WESTBROOK — Complaints still rolled in, but Rock Row officials claim improvements in controlling the noise from a concert at Maine Savings Pavilion Saturday.

Rock Row reported roughly 200 complaints, with 130 calls made to their noise compliance hotline and another 30 or so each to the Portland and Westbrook police departments. That number was down modestly from the 247 complaints that came in after the first concert May 26.

“We don’t know how many people may have called back numerous times, we don’t have the unique call numbers yet,” Rock Row’s community liaison Lynda Adams said Monday. “(We are) compiling that data, we should have the numbers total by Wednesday, with our show Thursday we want to know where we stand.”

The indie rock bands Young the Giant and Fitz and The Tantrums are scheduled to perform at the pavilion Thursday.

On Saturday, sound monitors were placed throughout neighborhoods where complaints came from during the first show, with a roaming monitor that could actively measure problem areas as calls came in.

“People that called and complained, we specifically went to their street and took readings minutes after they called, and they were often the lowest of the night,” Adams said.

Adams noted that both this concert and the previous one never went over the sound limit of 55 decibels in the neighborhoods surrounding the venue.

“We don’t know what else to do, but we will try. We have people complaining, we go there, and it’s a low reading, what does that mean,” Adams added.

On top of active monitoring, Rock Row officials also changed the set-up of the stage to mitigate noise.

“Speakers were hung less high and angled differently to be more into the crowd,” Waterfront promoter Alex Gray said.

Subwoofers were also placed on the stage as opposed to the ground, to reduce vibrations.

Further, Waterfront’s acoustician isolated problematic frequencies that are often complained about, in order to remove them from the sound.

Frequencies such as 63 Hz tend to rattle windows and be more problematic, but it’s too early after the show to really tell if that made a difference, Waterfront manager Jon Dow said.

This touring group, Slightly Stoopid, was also further along in its tour than the groups that performed on May 26, meaning the artists and their sound people had more time to figure out what they were working with, Gray said. The Anderson .Paak tour, however, just began, meaning their own people had sound kinks to work out as well.

Part of why it takes a long to understand the data is that complaint calls were not centrally made to the Rock Row noise line, but to area police.

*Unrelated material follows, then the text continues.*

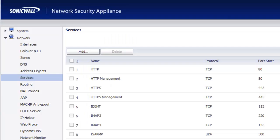Hello and welcome to firewalls.com. My name is Brian Reed and in this video I'm going to show you how to create a custom service within your SonicWall firewall to allow specific ports into a server that you have on your network.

Police are requesting that noise complaint calls in regards to the show stay on the Rock Row hotline.

“If they are calling 911 it is not getting to the right point of contact to log everything and be able to make the best accurate assessment as to what neighborhoods are being negatively impacted from the noise,” Westbrook Police Chief Janine Roberts said.

A high number of calls about the concert also clogs up the dispatch lines.

“For purposes of public safety, when our dispatch is handling incoming calls about noise, they are not as quick or responsive to other requests of other public safety needs,” Roberts said.

While complaint calls were made, some residents did not mind the noise, or felt it was hardly noticeable.

“We haven’t heard a thing,” Rick Todd said, a Westbrook resident on Colonial Drive, where a high number of complaints originated during the first show.

“Our neighbors here can have way louder parties, this is hardly noticeable,” Todd said while the show was going on.

Concertgoers certainly appreciated the new 8,200-seat venue, which provides easy access with free parking to large acts without having to struggle for parking like venues in neighboring Portland.

“I’d definitely come back again. Free parking is great and no venues really have that here,” concertgoer Keanu Lewey, of Bangor, said.

“Outside is great too, it’s so nice out it isn’t as good being stuck inside,” his friend Nick Nadeau said. “We wouldn’t be in town otherwise, this place is why we came.”

“I came for Slightly Stoopid, but there are other concerts here later I am looking at too,” concert goer Marccus Sapiel said.

Police are asking for complaints to be directed to Rock Row by calling 558-6007.

Chance Viles can be reached at 780-9092 or [email protected] Follow Chance on Twitter: @chanceviles.

Concertgoers enjoy themselves at the Maine Savings Pavilion Saturday.

Matisyahu performs in Westbrook, in support of Slightly Stoopid, Tribal Seeds and Hirie.

Hirie opens the show right around 6 p.m. Saturday at the Maine Savings Pavilion at Rock Row. The subwoofers can be seen on the left side of the stage, in contrast to being on the ground at the last show.

Saturday’s show drew an older audience overall, with families in the mix, and had lower attendance than the first show, according to Row Row community liaison Lynda Adams.

Hirie opened up the show Saturday. The concert heavily featured reggae and dub artists Matisyahu, Tribal Seeds and Slightly Stoopid.